In some embodiments, the target evaluation of the received audio is performed using an audio processing model built in the first device 110, a core of such a target evaluation being analyzing an audio frame. For example, after an audio input is received by the first device, the first device may divide the continuous audio signal into a plurality of small time segments, i.e., audio frames. Each audio frame typically contains fixed-length audio data (e.g., 20 milliseconds or 50 milliseconds), and this frame division processing manner facilitates improving real-time performance and processing efficiency. Then, the audio processing model built in the first device will extract feature parameters of the speech from each frame, such as Mel-Frequency Cepstral Coefficients, energy, frequency characteristics, etc. These feature parameters may be used to represent core information of the speech. The first device processes the extracted audio features to obtain the first evaluation result. For example, the audio processing model may obtain an evaluation result for a current audio frame according to the audio feature of the current audio frame and scores of previously processed frames, and the evaluation result may also be taken as the first evaluation result of the received audio input. When the first evaluation result is represented by a score, the first evaluation result may be an accumulated score for the already received audio input. When the first evaluation result reaches a preset threshold, the first device will confirm that a pre-wake-up event is triggered. If the accumulated score does not reach the threshold, the first device will receive a new audio input.
The first device 110 compares the first evaluation result 108 with a threshold 112. If the first evaluation result 108 is greater than the threshold 112, this indicates that the currently received audio input is an audio input for the wake-up command.
Therefore, both the received audio input 106 and a subsequent audio input 104, i.e., all of the user's audio input 102, may be provided to the second device 114 to determine whether to wake up the first device 110. When the first evaluation result 108 is greater than the threshold 112, the first device 110 begins transmitting the received audio input 106 to the second device 114; after all the received audio input 106 has been transmitted, the subsequent audio input 104 received continues to be transmitted until all the user's audio input 102 is sent to the second device 104. Then, the second device 114 performs a secondary verification process on the received user audio input 102 to determine whether all the received user audio input 102 is a wake-up instruction 116 of the wake-up command. When the second device 114 receives the subsequent audio input 104, the subsequent audio input 104 also needs to be first transmitted to the first device 110, and then the first device 110 transmits the subsequent audio input 104 to the second device 114.
Finally, if the first device 110 receives from the second device 114 an instruction to wake up the first device 110, the first device 110 is woken up to perform subsequent data processing work. Thus, after the wake-up succeeds, the first device 110 may reply to the user's audio.
By this method, it is possible to, by using the preset pre-wake-up event, begin to transmit the audio to the second device before the user speaks out all the wake-up word, move up the start time of audio transmission, and also move up the end time of audio transmission to the second device, thereby quickly enabling the first device to reply to the user's wake-up word, substantially reducing the time for waiting for the first device to reply, and improving the user's experience.
The schematic diagram of an example environment in which an apparatus and/or a method according to some embodiments of the present disclosure may be implemented has already been describe above with reference to FIG. 1. Reference is made below to FIG. 2 to describe a schematic diagram of an example method for waking up a device according to some embodiments of the present disclosure.

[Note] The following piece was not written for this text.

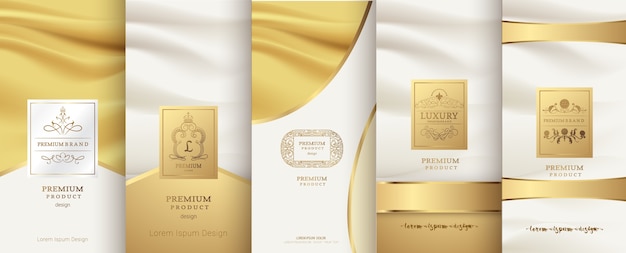 Logotipo de luxo e design de embalagem de ouro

The method in FIG. 2 may be performed by the first device 110 of FIG. 1 or any suitable computing device.
As depicted in FIG. 2, in an example method 200, at block 202, an audio input already received from a user is determined at a first device. For example, the first device 110 receives a user audio input from the user. The audio input received at this time does not correspond to a complete wake-up command, but to a part of the wake-up command. As shown in FIG. 1, the user's audio input at this time is a received audio input 106, a subsequent audio input 104 for determining the wake-up command has not been received, and the received audio input 106 and the subsequent audio input 104 are sequentially combined into all audio input for the user's wake-up command.

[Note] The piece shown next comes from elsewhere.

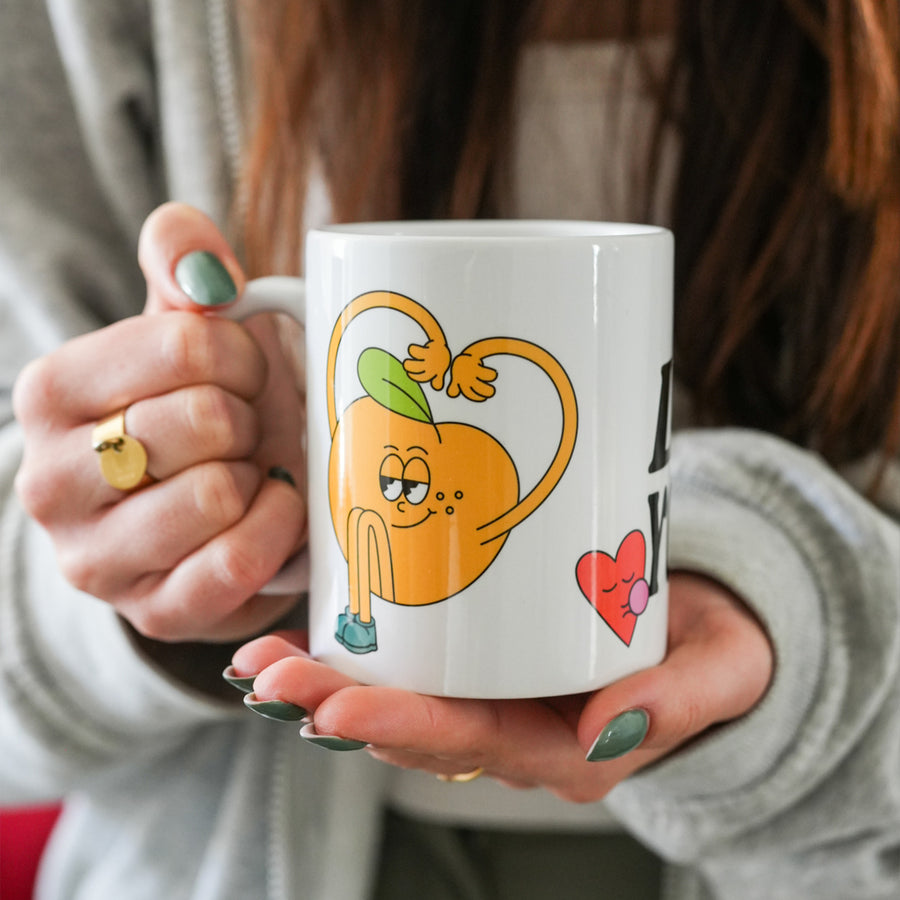 Mug à message avec illustration vintage et anse dorée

At block 204, it is determined that the received audio input represents a first evaluation result for a part of a wake-up command for the first device. For example, the first device 110 processes an audio frame of the received audio input 106, whereupon the user's audio input has not yet completely finished, so the audio input is considered an incomplete audio input. The received audio part is speech content that the user has spoken and has been successfully received by the first device. The first device 110 may analyze and process this part of audio in real time to evaluate whether it meets a certain pre-set condition (e.g., whether it meets partial features of the wake-up word). The subsequent audio input 104 to be received is speech content that the user has not spoken, and the first device 110 will continue to listen to and receive such audio to complete the processing flow of the entire speech input. The two parts of audio are combined chronologically to finally form the user's all audio input. This stepwise reception and processing design can dynamically respond to the user's input during the speech interaction and improve the real-time processing capability of the device. Furthermore, the device follows up the user input in real time without reducing the fluency of the interaction due to a long waiting time, thereby improving the user's experience.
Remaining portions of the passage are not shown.